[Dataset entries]
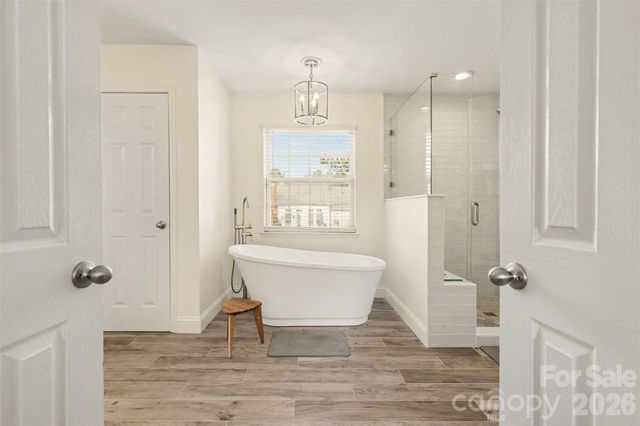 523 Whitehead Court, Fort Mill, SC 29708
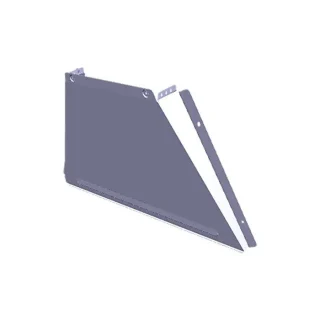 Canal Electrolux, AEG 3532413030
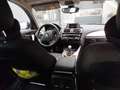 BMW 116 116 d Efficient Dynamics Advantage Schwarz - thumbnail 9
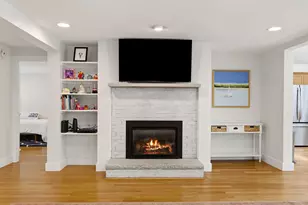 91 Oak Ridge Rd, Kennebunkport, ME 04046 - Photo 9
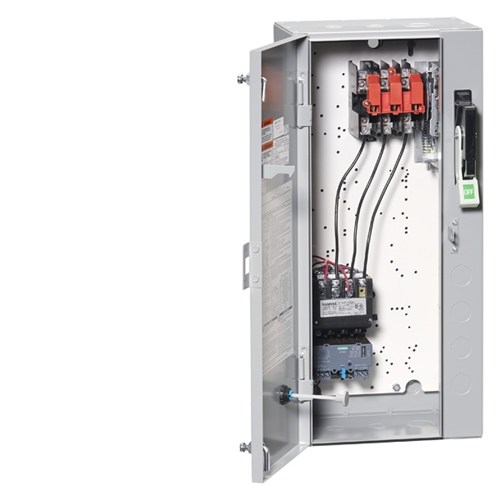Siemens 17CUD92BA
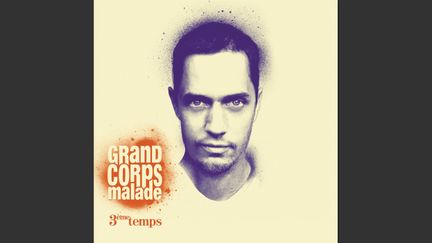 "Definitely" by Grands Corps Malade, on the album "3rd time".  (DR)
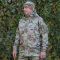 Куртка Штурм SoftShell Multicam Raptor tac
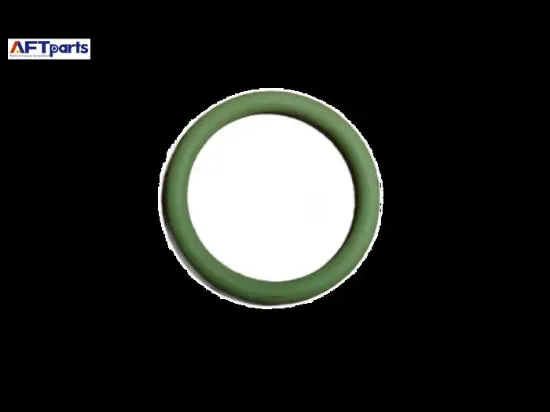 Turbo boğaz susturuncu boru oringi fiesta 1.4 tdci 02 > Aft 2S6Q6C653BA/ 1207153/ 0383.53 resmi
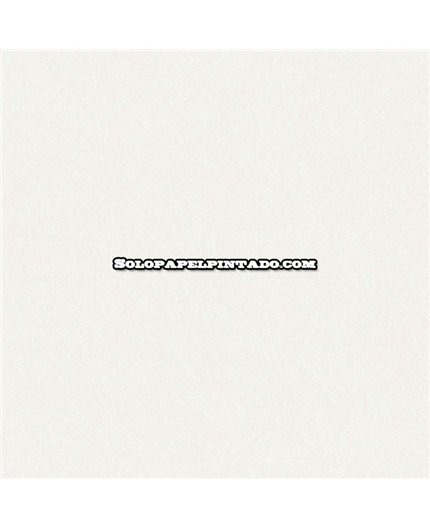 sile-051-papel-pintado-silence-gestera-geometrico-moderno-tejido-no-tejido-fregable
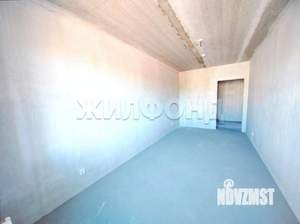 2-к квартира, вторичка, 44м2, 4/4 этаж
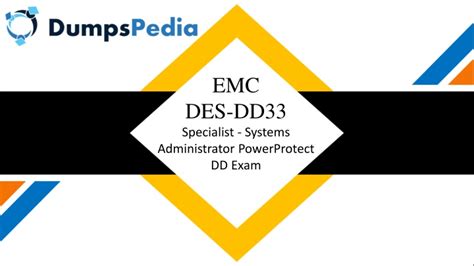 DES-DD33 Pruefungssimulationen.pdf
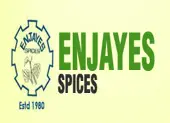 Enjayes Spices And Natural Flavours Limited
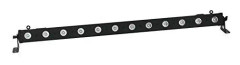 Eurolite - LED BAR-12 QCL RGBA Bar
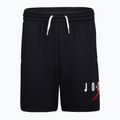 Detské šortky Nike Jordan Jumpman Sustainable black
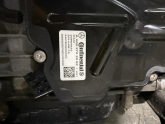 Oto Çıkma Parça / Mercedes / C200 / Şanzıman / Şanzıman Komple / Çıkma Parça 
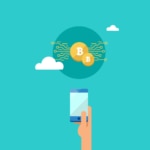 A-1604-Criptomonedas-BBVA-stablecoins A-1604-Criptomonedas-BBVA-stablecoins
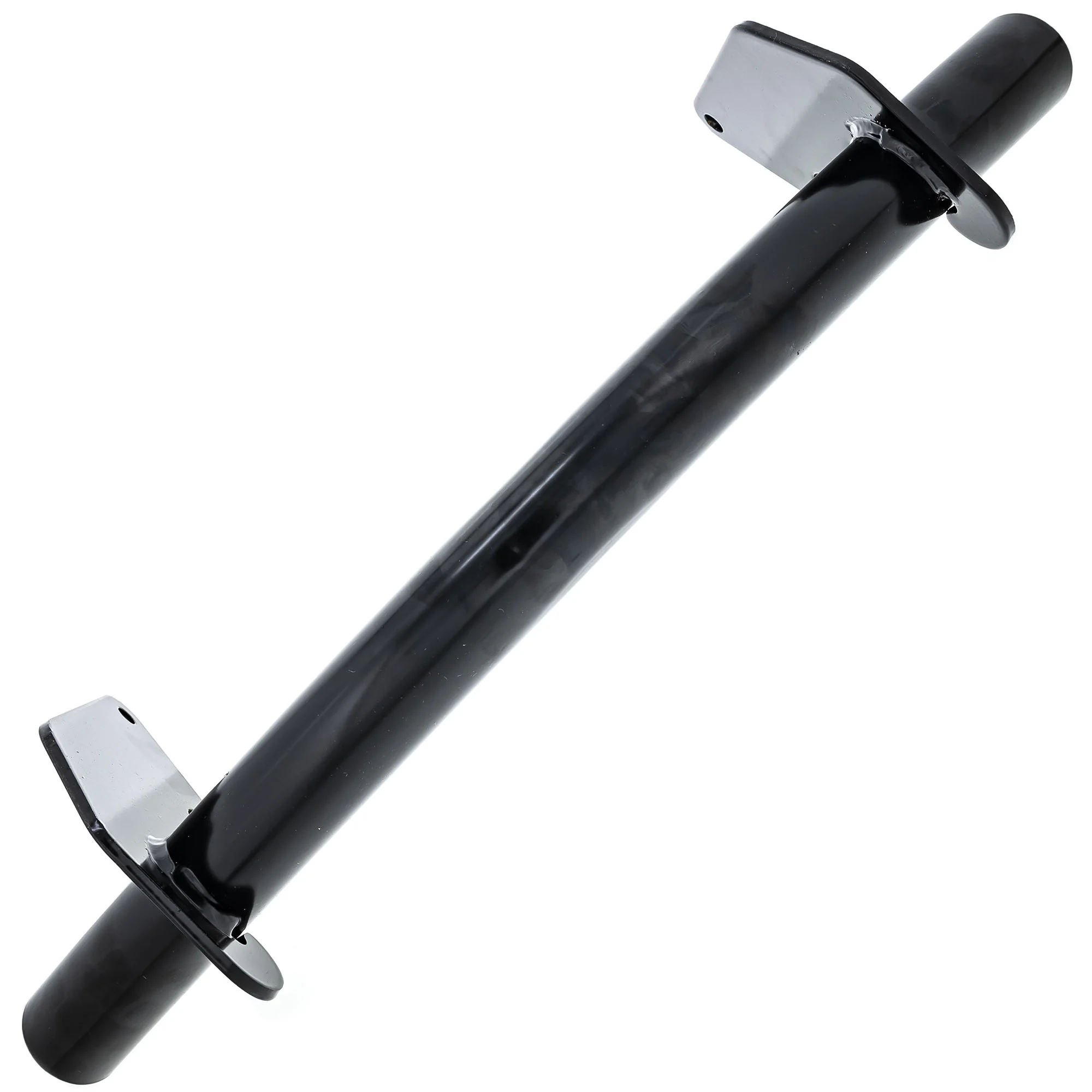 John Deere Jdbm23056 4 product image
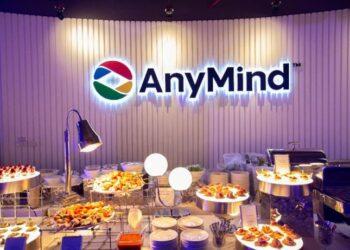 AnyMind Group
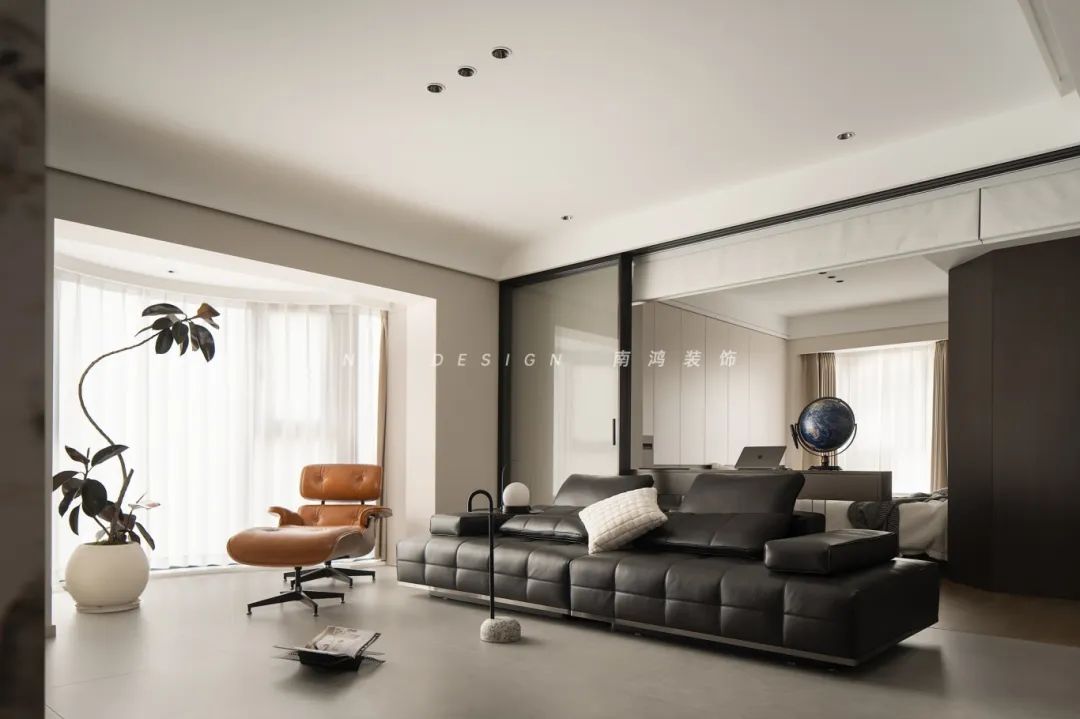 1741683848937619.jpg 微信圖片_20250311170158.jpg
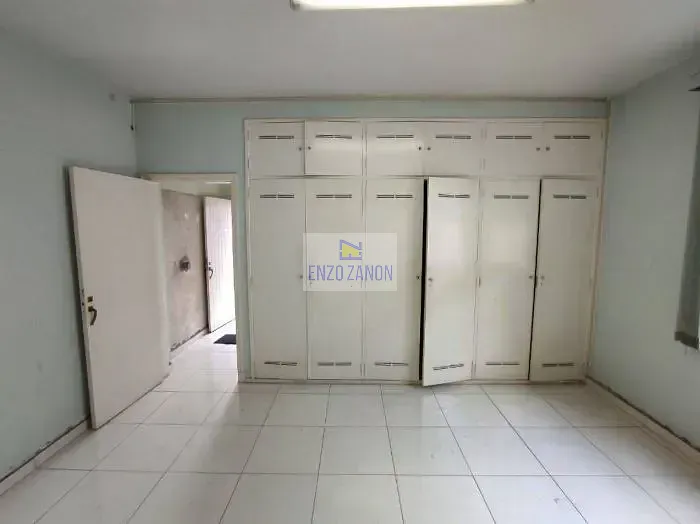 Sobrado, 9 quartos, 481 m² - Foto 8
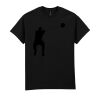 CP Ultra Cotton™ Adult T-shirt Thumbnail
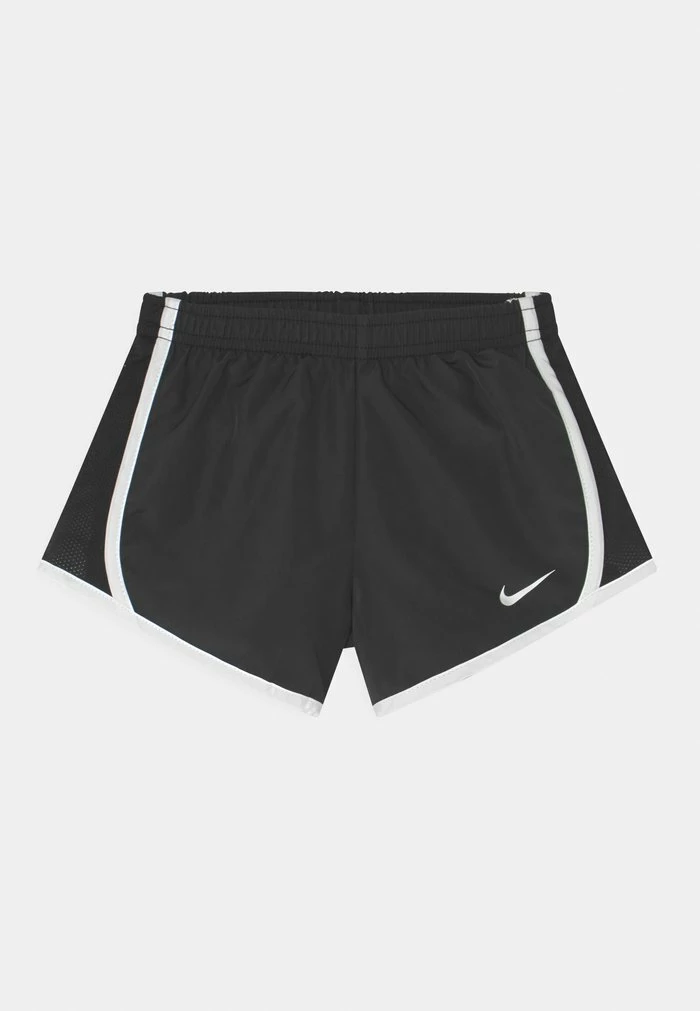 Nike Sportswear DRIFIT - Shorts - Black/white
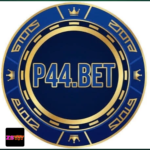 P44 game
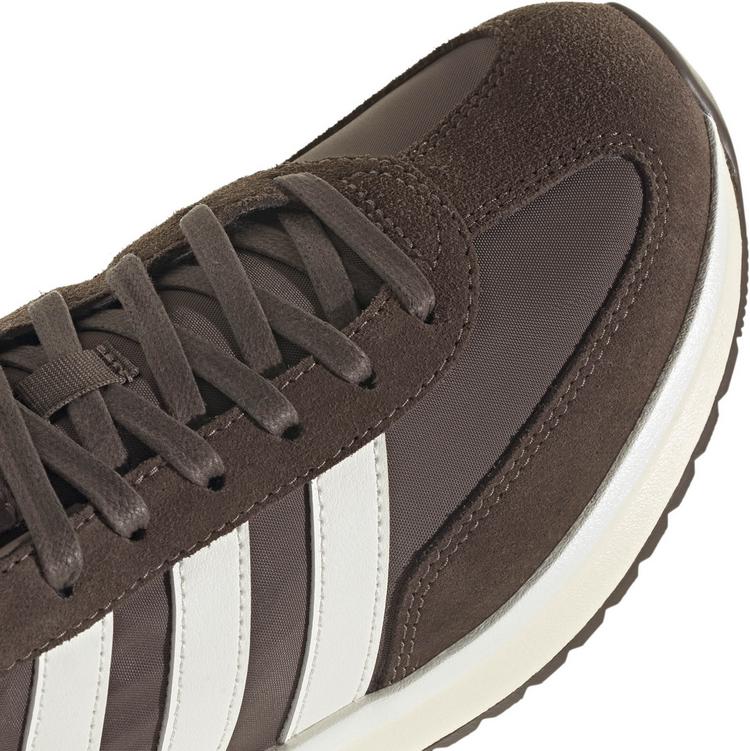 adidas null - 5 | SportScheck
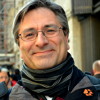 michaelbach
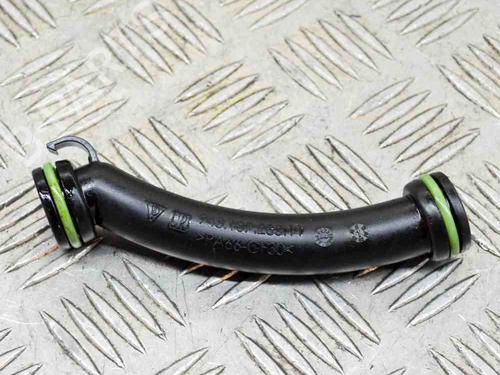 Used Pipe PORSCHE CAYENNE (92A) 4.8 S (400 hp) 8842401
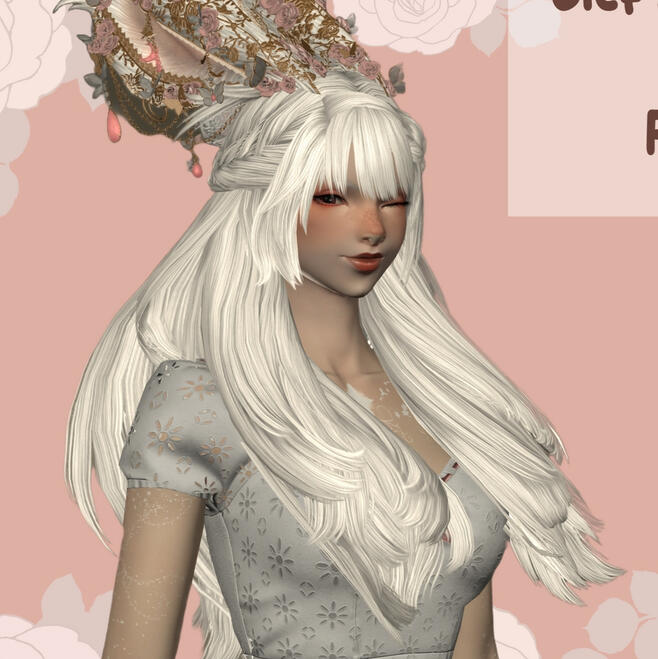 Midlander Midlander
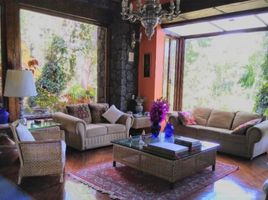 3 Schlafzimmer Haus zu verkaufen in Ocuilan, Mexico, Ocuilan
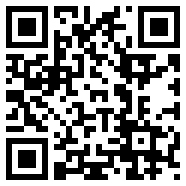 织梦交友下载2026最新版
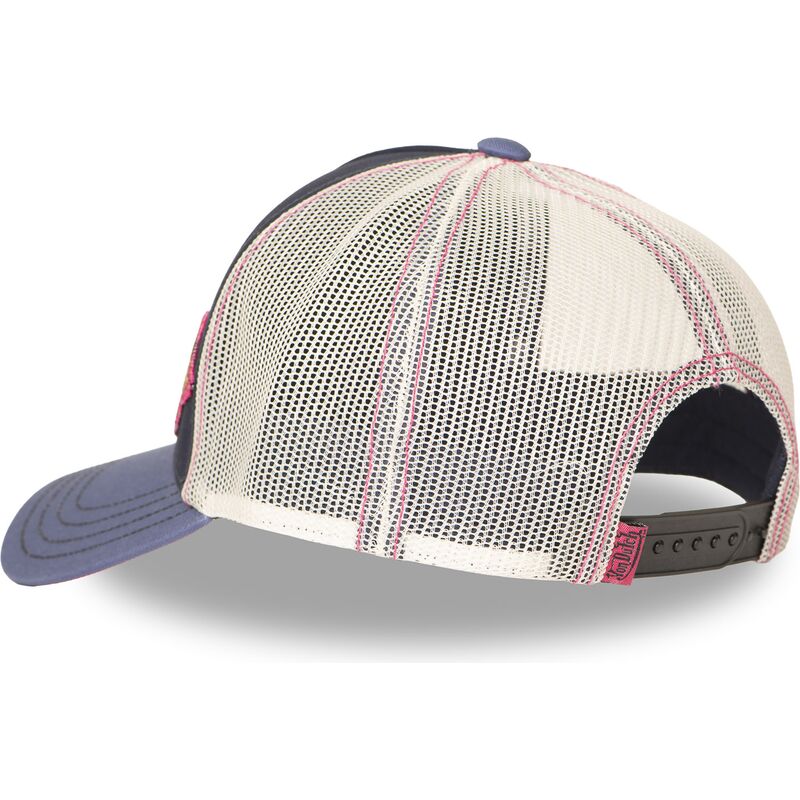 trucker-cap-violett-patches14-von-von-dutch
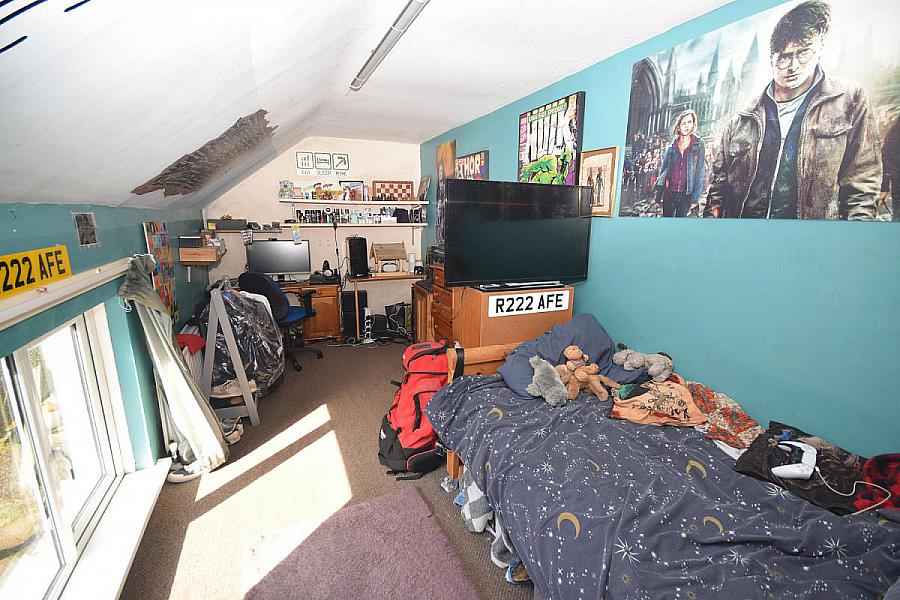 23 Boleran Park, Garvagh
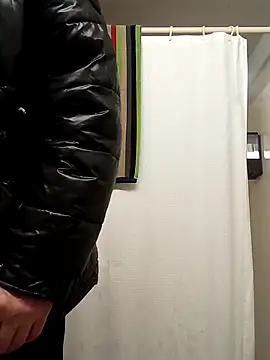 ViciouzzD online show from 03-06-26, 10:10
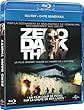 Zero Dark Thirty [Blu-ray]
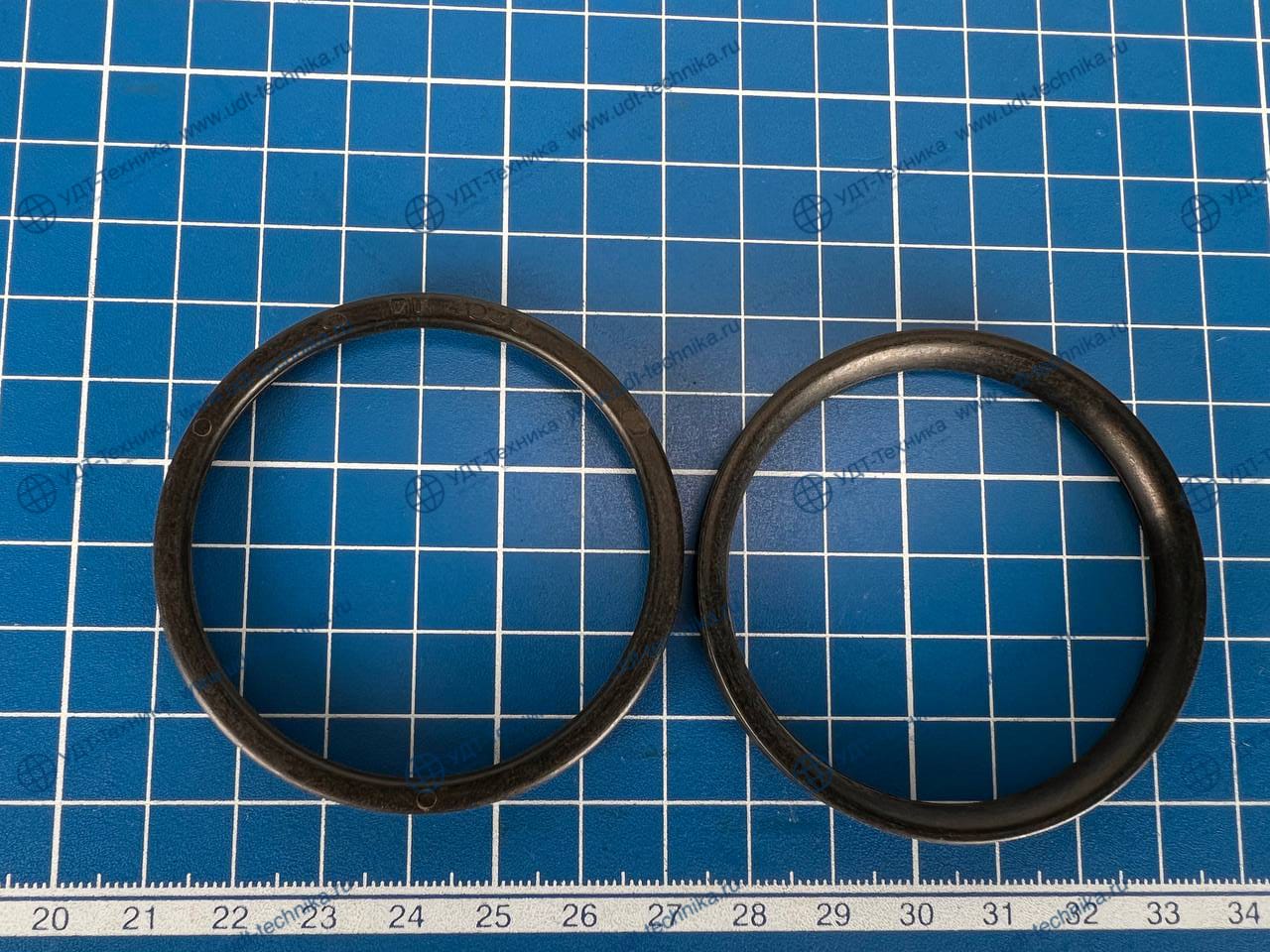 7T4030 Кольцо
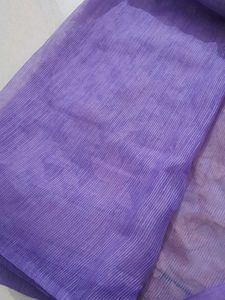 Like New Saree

**Task directions**
Return the entries above exactly as they appear. Pictures should not be copied.

**Response for this exercise**
 523 Whitehead Court, Fort Mill, SC 29708
 Canal Electrolux, AEG 3532413030
 BMW 116 116 d Efficient Dynamics Advantage Schwarz - thumbnail 9
 91 Oak Ridge Rd, Kennebunkport, ME 04046 - Photo 9
Siemens 17CUD92BA
 "Definitely" by Grands Corps Malade, on the album "3rd time".  (DR)
 Куртка Штурм SoftShell Multicam Raptor tac
 Turbo boğaz susturuncu boru oringi fiesta 1.4 tdci 02 > Aft 2S6Q6C653BA/ 1207153/ 0383.53 resmi
 sile-051-papel-pintado-silence-gestera-geometrico-moderno-tejido-no-tejido-fregable
 2-к квартира, вторичка, 44м2, 4/4 этаж
 DES-DD33 Pruefungssimulationen.pdf
 Enjayes Spices And Natural Flavours Limited
 Eurolite - LED BAR-12 QCL RGBA Bar
 Detské šortky Nike Jordan Jumpman Sustainable black
 Oto Çıkma Parça / Mercedes / C200 / Şanzıman / Şanzıman Komple / Çıkma Parça 
 A-1604-Criptomonedas-BBVA-stablecoins A-1604-Criptomonedas-BBVA-stablecoins
 John Deere Jdbm23056 4 product image
 AnyMind Group
 1741683848937619.jpg 微信圖片_20250311170158.jpg
 Sobrado, 9 quartos, 481 m² - Foto 8
 CP Ultra Cotton™ Adult T-shirt Thumbnail
 Nike Sportswear DRIFIT - Shorts - Black/white
 P44 game
 adidas null - 5 | SportScheck
 michaelbach
 Used Pipe PORSCHE CAYENNE (92A) 4.8 S (400 hp) 8842401
 Midlander Midlander
 3 Schlafzimmer Haus zu verkaufen in Ocuilan, Mexico, Ocuilan
 织梦交友下载2026最新版
 trucker-cap-violett-patches14-von-von-dutch
 23 Boleran Park, Garvagh
 ViciouzzD online show from 03-06-26, 10:10
 Zero Dark Thirty [Blu-ray]
 7T4030 Кольцо
 Like New Saree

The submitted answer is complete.